I have to calculate the current I and the voltage between a and b using the superposition theorem.
I can solve this directly by calculating the voltage between points, but I have to do it with that theorem. Problem is that I can't figure out where does the current go in each case (shorting the $6V$ source or the $20V$ source), and everything I've tried gives me the wrong results.
If I short the $20V$ source, I'm pretty sure the current goes up from the $6V$ source, then right past the $5 \ \Omega$ resistor, then clockwise through the short circuit, then passes from $b$ to $a$ through the $2 \ \Omega$ resistor and back to the $6 V$ source. So I calculate the current as $ I'=\frac{6 V}{2 \Omega}=3A $ and $ V_{ab} = 6 V $. Easy but not sure if correct.
Now when I short the $6V$ source instead, I think the current goes down from the source, then to the right, then counterclockwise right past the $5 \ \Omega$ resistor, down to the node $a$, where it splits in two: one part goes through the $2 \ \Omega$ resistor and then reaches the source through the negative side, while the other part goes through the $3 \ \Omega$ resistor and then reaches the source through the positive side.
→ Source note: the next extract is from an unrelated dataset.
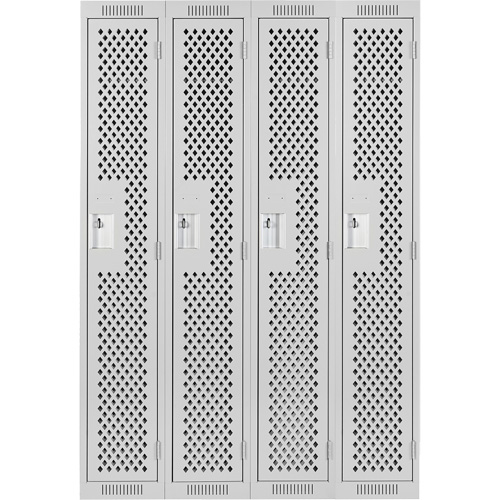 Clean Line Lockers, Bank of 4, 48" x 15" x 72", Steel, Grey, Rivet (Assembled), Perforated Oxford Builders Supplies Inc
Is this correct? I tried to apply Kirchhoff's laws but I got the wrong result (I need $I''$ to be equal to $12 A$ so that $ I = 12A - 3A = 9A $, which is the correct result).
It's been a long time since I last saw this topic, I may be too rusty and overlooking something trivial.
Edit: I drew the paths of the current I described above: when the $20V$ source is shorted on the left, and when the $6V$ source is shorted on the right. If I understand correctly, the current will go through the short circuit only whenever there is another branch.